* **RECORDS FOR THIS EXERCISE**
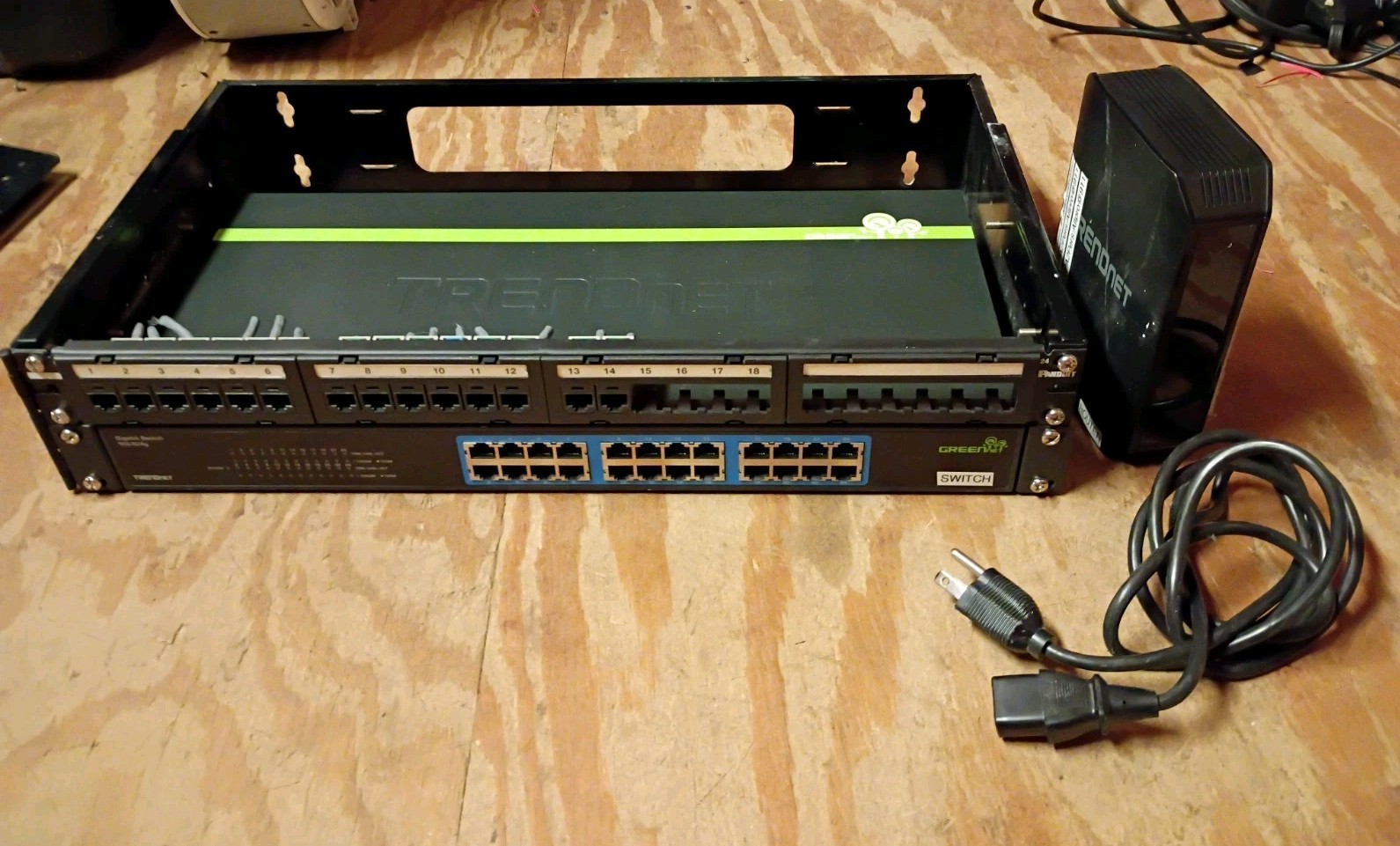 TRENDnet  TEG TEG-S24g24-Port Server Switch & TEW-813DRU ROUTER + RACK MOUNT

---

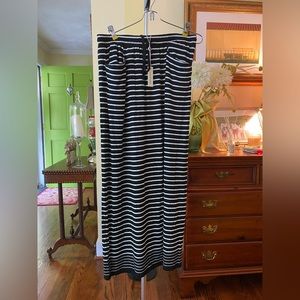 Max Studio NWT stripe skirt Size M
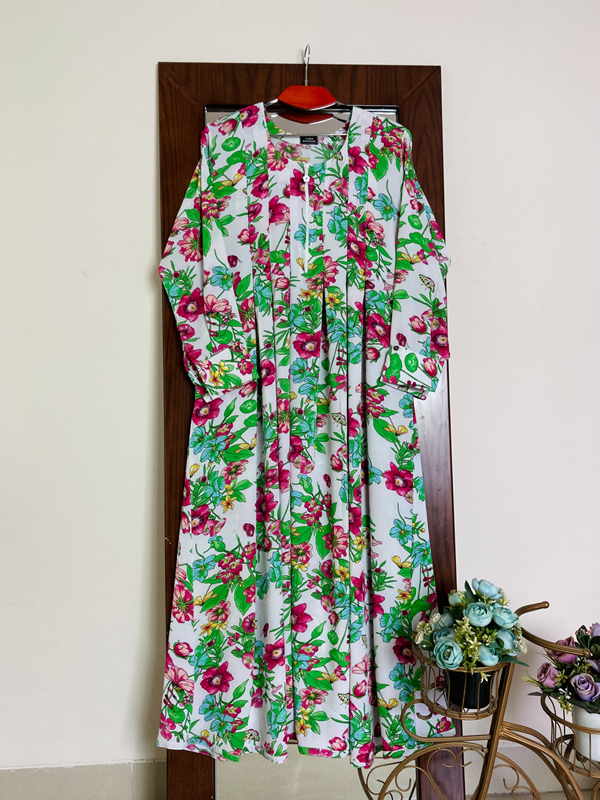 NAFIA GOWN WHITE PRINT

==

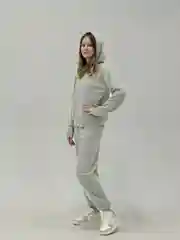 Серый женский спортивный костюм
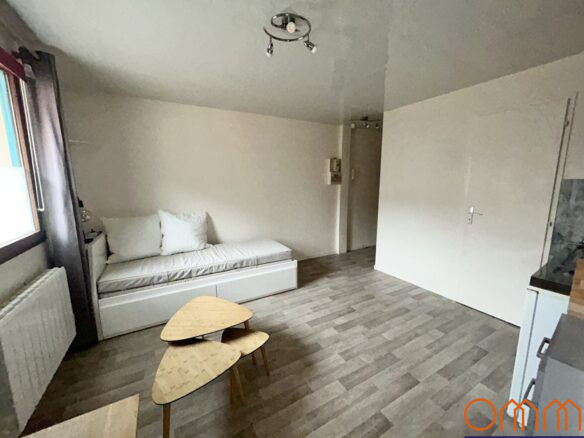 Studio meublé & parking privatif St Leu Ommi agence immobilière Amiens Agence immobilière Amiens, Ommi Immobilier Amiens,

* **TASK STATEMENT**
Using the listing above, restate exactly the range between the lines holding "Серый женский спортивный костюм" and "Studio meublé &", inclusive, with pictures left out.

* **TASK OUTPUT**
 Серый женский спортивный костюм
 Studio meublé & parking privatif St Leu Ommi agence immobilière Amiens Agence immobilière Amiens, Ommi Immobilier Amiens,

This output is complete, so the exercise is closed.